------ DATA EXTRACT ------

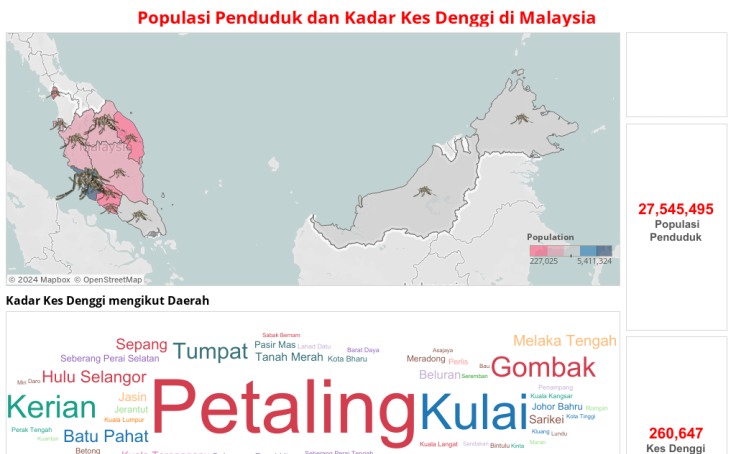 Workbook: Populasi Penduduk dan Kadar Kes Denggi di Malaysia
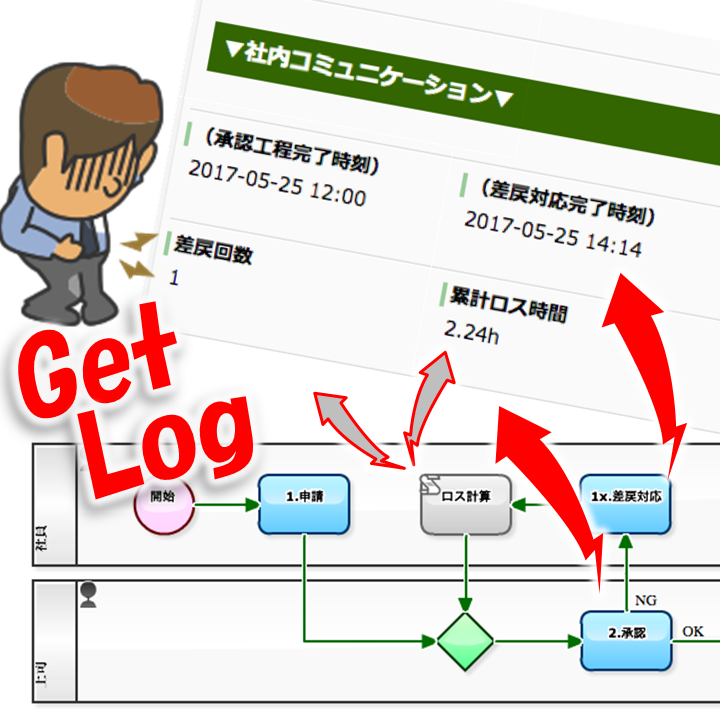 Workflow Sample Episode 537 Visualizing the Status of Occurrence of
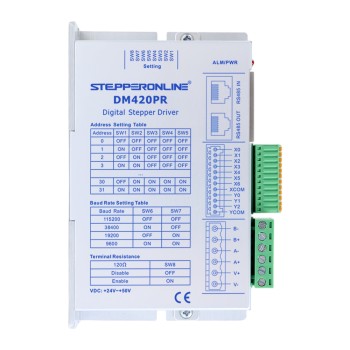 Y 시리즈 Modbus RS485 스테퍼 모터 드라이버 0-2.0A 24-50VDC Nema 11/14/17 스테퍼 모터용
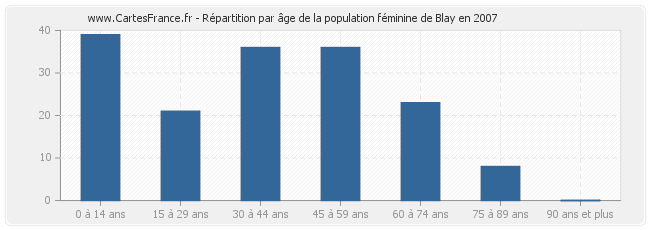 Répartition par âge de la population féminine de Blay en 2007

------

TASK GOAL:
Please retype the lines from the one that contains "Y 시리즈 Modbus" through the final line of the data, both included, without any pictures.

PROBLEM SOLUTION:
 Y 시리즈 Modbus RS485 스테퍼 모터 드라이버 0-2.0A 24-50VDC Nema 11/14/17 스테퍼 모터용
 Répartition par âge de la population féminine de Blay en 2007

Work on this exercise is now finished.